Conclusion on Spousal Support
[83] In light of my conclusion that there was no material change in circumstances, the motion judge did not have jurisdiction to vary spousal support. Consequently, I would set aside those parts of the Motion Orders that vary spousal support and restore the relevant parts of the trial Order. This means that spousal support of $450 per month was payable from January 1, 2003, forward, with the exception of the period covered by the Stay Order, during which period spousal support was $650 per month. Further, in accordance with the trial Order, spousal support was to be indexed annually. In addition, either party may apply to the court to have the spousal support order reviewed because the review period has elapsed.
[84] In my view, the financial situations of the parties and the endless litigation since trial make the notion of a review highly unattractive. However, having determined that the terms of the trial Order in respect of spousal support are to prevail, it is inappropriate to “pick and choose” among those provisions and the review provision remains. I anticipate that if and when such a review is undertaken, the motion judge will conduct it with due regard to the findings of the trial judge as to the parties’ respective abilities to obtain employment and against a backdrop of realistic goals and expectations for both parties.

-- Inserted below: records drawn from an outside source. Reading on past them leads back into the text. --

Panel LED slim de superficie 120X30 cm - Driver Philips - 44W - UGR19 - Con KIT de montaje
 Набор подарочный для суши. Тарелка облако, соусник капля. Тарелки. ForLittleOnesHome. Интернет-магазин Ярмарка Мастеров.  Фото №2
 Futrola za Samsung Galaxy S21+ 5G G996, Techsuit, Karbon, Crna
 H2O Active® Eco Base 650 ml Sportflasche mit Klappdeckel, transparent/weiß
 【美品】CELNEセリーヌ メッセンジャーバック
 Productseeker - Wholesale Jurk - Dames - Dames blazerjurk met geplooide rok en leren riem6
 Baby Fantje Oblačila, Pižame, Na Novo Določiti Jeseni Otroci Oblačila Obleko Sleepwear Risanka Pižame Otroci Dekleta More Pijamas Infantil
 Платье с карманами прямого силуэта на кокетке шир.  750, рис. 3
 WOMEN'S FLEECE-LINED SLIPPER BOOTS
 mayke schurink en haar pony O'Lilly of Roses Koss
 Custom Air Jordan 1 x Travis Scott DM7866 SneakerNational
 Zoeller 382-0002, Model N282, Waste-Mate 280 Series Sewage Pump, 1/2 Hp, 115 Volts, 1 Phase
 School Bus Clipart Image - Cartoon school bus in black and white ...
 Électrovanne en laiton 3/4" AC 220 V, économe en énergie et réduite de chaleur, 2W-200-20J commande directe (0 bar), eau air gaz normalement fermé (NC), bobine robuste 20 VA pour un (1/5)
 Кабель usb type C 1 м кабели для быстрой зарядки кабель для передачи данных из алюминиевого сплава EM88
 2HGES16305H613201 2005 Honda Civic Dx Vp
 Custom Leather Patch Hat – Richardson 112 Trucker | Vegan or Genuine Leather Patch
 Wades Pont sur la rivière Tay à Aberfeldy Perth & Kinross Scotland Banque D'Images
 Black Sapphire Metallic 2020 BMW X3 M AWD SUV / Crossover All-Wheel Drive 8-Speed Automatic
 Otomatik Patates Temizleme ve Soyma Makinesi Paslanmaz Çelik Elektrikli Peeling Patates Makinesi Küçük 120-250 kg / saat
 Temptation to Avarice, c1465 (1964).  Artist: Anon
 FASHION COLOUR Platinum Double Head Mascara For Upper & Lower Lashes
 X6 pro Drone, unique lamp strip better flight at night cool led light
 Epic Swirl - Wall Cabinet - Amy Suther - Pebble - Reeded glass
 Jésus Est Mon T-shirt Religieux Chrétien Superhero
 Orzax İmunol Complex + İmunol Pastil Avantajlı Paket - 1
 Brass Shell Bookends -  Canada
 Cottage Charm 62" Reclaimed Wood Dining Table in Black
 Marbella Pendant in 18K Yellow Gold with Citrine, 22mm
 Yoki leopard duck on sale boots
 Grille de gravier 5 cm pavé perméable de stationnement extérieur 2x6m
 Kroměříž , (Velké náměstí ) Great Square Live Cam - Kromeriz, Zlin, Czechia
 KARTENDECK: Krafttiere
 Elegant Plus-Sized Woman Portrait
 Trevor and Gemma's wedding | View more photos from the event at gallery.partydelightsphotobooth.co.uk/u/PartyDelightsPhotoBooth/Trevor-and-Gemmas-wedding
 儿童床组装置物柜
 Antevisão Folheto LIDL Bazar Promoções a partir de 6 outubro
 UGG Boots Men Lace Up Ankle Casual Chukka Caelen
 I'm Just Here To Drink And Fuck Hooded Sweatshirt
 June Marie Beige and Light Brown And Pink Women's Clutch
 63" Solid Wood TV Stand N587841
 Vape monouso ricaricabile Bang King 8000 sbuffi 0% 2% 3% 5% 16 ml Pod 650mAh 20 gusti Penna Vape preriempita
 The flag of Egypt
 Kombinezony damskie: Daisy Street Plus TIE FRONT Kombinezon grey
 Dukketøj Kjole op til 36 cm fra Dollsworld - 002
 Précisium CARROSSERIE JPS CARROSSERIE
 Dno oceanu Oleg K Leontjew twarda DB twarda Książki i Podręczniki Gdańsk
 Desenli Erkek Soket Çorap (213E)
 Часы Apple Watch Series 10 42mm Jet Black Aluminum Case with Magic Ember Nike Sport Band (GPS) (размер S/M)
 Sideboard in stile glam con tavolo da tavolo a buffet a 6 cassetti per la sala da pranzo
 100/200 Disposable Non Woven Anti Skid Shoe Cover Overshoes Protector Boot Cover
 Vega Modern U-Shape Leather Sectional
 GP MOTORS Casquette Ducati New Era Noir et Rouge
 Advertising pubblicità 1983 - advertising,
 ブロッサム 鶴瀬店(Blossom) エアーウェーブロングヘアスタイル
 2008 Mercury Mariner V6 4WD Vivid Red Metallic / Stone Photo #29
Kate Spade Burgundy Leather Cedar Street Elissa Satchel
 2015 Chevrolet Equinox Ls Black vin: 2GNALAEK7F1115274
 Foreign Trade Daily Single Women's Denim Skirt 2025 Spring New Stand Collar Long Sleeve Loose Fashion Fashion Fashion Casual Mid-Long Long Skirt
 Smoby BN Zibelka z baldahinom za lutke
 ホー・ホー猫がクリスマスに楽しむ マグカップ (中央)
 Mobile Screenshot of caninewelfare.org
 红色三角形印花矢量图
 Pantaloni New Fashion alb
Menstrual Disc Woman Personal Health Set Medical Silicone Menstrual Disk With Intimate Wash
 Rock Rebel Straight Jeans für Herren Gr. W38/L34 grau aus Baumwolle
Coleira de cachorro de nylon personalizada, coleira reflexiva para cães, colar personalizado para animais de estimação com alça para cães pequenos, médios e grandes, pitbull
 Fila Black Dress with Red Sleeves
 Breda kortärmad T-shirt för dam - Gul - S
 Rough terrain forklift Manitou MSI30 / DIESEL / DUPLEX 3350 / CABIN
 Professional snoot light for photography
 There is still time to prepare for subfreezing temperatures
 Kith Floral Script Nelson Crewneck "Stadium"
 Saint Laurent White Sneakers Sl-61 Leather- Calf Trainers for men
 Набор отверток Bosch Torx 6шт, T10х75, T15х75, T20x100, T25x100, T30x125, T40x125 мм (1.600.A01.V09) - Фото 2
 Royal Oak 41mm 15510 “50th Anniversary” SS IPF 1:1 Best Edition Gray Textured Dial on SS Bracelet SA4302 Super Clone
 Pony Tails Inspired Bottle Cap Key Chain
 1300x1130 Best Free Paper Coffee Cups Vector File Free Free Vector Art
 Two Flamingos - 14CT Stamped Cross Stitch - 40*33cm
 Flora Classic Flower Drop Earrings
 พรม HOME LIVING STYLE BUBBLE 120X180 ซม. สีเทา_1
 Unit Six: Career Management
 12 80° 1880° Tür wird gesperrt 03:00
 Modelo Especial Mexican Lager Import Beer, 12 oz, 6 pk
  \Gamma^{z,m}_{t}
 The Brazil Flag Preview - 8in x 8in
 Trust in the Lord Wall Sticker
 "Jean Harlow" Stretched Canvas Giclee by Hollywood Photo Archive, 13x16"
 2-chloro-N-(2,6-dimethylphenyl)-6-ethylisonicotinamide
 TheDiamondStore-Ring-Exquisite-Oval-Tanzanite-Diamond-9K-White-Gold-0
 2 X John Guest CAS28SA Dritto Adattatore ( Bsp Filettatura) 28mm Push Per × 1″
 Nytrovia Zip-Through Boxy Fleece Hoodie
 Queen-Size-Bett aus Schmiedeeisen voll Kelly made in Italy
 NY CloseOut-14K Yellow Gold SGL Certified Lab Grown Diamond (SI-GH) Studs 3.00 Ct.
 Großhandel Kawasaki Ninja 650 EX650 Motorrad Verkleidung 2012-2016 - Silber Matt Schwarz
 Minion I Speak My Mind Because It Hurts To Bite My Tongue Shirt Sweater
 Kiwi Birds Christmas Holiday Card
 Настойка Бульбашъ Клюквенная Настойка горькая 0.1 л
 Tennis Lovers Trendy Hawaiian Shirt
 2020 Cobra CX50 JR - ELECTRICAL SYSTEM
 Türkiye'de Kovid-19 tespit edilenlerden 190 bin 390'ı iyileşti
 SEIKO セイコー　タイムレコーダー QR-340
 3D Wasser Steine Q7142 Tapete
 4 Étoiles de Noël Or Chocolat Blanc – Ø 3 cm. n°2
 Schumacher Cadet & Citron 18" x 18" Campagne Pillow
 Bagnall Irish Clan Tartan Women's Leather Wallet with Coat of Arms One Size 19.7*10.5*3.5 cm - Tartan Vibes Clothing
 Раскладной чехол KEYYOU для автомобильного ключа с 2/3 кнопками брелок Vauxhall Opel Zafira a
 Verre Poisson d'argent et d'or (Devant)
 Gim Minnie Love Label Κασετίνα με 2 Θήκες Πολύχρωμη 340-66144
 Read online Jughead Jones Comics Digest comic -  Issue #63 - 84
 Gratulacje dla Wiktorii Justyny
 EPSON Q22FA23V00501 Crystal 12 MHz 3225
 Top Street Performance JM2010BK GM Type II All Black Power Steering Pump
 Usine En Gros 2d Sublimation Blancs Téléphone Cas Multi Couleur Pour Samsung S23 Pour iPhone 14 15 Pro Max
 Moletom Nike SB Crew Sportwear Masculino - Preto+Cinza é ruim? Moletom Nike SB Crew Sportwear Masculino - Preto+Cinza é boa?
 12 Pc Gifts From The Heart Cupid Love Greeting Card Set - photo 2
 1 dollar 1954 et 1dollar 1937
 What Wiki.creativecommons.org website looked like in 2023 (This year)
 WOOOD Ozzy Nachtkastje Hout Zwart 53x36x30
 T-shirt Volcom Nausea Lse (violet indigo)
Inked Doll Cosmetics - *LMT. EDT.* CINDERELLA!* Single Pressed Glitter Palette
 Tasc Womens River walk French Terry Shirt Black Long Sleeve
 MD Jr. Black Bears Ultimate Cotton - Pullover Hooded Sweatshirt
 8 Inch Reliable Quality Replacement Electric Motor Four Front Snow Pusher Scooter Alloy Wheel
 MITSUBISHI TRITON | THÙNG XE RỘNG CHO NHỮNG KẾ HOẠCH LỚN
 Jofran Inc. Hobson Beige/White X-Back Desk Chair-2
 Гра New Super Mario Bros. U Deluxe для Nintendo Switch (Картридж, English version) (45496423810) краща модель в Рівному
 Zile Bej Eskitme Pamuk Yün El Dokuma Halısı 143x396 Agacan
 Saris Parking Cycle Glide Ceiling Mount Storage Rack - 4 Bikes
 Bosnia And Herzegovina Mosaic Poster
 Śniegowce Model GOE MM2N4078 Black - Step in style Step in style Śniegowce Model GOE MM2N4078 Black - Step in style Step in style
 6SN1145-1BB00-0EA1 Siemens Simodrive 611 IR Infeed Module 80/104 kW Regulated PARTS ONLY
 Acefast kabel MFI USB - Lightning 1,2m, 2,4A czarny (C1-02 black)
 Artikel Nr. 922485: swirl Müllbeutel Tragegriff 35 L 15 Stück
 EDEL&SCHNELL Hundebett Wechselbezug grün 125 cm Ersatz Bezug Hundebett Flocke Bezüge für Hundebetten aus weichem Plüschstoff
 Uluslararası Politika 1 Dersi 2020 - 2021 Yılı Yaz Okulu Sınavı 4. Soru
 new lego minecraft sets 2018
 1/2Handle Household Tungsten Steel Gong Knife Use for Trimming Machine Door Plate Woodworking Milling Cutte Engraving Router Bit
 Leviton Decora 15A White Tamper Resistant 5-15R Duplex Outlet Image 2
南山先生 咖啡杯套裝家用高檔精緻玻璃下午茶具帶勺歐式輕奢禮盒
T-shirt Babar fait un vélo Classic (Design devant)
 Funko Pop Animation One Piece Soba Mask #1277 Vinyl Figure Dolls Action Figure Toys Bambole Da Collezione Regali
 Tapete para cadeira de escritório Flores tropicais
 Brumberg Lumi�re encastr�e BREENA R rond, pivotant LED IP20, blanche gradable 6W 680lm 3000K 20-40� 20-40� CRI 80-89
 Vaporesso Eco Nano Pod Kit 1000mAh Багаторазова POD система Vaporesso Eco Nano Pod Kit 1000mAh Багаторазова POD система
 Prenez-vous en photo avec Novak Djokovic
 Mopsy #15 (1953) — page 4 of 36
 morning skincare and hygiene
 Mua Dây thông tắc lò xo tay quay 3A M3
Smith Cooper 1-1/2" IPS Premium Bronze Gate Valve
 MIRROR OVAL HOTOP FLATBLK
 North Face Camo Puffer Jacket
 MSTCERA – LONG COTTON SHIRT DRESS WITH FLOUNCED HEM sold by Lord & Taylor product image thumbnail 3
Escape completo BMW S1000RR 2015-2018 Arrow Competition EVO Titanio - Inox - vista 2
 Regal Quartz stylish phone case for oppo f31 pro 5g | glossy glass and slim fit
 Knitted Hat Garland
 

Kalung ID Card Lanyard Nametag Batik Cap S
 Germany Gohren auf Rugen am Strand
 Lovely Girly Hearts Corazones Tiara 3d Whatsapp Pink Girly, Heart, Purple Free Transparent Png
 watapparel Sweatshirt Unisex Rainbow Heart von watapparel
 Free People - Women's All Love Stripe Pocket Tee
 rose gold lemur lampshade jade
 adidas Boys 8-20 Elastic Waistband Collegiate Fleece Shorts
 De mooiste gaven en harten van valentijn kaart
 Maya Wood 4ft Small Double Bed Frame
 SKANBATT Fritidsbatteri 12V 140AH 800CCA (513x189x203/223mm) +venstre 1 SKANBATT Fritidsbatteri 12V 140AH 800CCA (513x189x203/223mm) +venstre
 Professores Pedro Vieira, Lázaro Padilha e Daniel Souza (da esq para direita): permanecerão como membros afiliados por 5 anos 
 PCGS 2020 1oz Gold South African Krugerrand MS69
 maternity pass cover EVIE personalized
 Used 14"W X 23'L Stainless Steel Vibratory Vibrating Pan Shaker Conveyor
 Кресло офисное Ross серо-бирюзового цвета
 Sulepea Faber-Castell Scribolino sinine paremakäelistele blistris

[85] I would add a final comment. Even if the threshold for a variation had been met, it was incumbent on the motion judge to consider the appellant’s ability to pay when determining the quantum of spousal support. The Motion Orders increased monthly spousal support from $450 to $1,300. They also significantly increased the appellant’s child support obligations. As the Motion Orders were made with retroactive effect, they instantly created significant arrears for the appellant. On the record, the Motion Orders far exceed the appellant’s ability to pay. His financial statements show no equity and significant debt. His evidence demonstrates that he has no ability to borrow further funds.
[86] It was incumbent on the motion judge to consider not only Ms. Bemrose’s need but also Mr. Fetter’s ability to pay. Although the motion judge stated that he had looked at the “condition, means, needs and other circumstances of the parties and children”, I see no mention of the appellant’s ability to pay. Further, I see no explanation for how or why $1,300 per month was an appropriate quantum of spousal support. Both failures, in my view, are errors.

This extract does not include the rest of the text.